When to use multi-pass vs single-pass:

| Change Size | Strategy |
|-------------|----------|
| < 50 lines, single concern | Single `review` call |
| 50-300 lines, feature work | `review` + security `codex` pass |
| 300+ lines or architecture change | Full 4-pass |
| Security-sensitive (auth, payments, crypto) | Always include security pass |

## Decision Tree: Which Pattern?

```dot
digraph review_decision {
    rankdir=TB;
    node [shape=diamond];

    "What stage?" -> "Pre-commit" [label="writing code"];
    "What stage?" -> "Pre-PR" [label="ready to submit"];
    "What stage?" -> "Post-commit" [label="just committed"];
    "What stage?" -> "Investigating" [label="specific concern"];

    node [shape=box];
    "Pre-commit" -> "Pattern 3: WIP Check";
    "Pre-PR" -> "How big?";
    "Post-commit" -> "Pattern 2: Commit Review";
    "Investigating" -> "Pattern 4: Focused Investigation";

    "How big?" [shape=diamond];
    "How big?" -> "Pattern 1: Pre-PR Review" [label="< 300 lines"];
    "How big?" -> "Full Multi-Pass" [label=">= 300 lines"];
}
```

## Prompt Engineering Rules

1. **Assign a persona** — "senior security engineer" beats "review for security"
2. **Specify what to skip** — "Skip formatting, naming style, minor docs gaps" prevents bikeshedding
3. **Require confidence scores** — Only act on findings with confidence >= 0.7
4. **Demand file:line citations** — Vague findings without location are not actionable
5. **Ask for concrete fixes** — "Suggest a specific fix" not just "this is a problem"
6. **One domain per pass** — Security-only, architecture-only.
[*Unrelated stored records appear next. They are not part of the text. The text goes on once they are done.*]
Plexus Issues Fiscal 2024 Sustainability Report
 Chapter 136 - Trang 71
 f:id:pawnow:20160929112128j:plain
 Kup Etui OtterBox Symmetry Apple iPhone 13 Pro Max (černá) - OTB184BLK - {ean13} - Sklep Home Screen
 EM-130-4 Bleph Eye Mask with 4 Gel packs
Mixing dilutes depth.

Ready-to-use prompt templates are in `references/prompts.md`.

## Anti-Patterns

| Anti-Pattern | Why It Fails | Fix |
|-------------|-------------|-----|
| "Review this code" | Too vague — produces surface-level bikeshedding | Use specific domain prompts with persona |
| Single pass for everything | Context dilution — every dimension gets shallow treatment | Multi-pass with one concern per pass |
| Self-review (Claude reviews Claude's code) | Systematic bias — models approve their own patterns | Cross-model: Claude writes, Codex reviews |
| No confidence threshold | Noise floods signal — 0.3 confidence findings waste time | Only act on >= 0.7 confidence |
| Style comments in review | LLMs default to bikeshedding without explicit skip directives | "Skip: formatting, naming, minor docs" |
| > 3 review iterations | Diminishing returns, increasing noise, overbaking | Stop at 3. Accept trade-offs. |
| Review without project context | Generic advice disconnected from codebase conventions | Codex reads CLAUDE.md/AGENTS.md automatically |

## What This Skill is NOT

- **Not a replacement for human review.** Cross-model review catches bugs but can't evaluate product direction or user experience.
- **Not a linter.** Don't use Codex review for formatting or style — that's what linters are for.
- **Not infallible.** 5-15% false positive rate is normal. Triage findings, don't blindly fix everything.
- **Not for self-approval.** The whole point is cross-model validation. Don't use Claude to review Claude's code.

## References

For ready-to-use prompt templates, see `references/prompts.md`.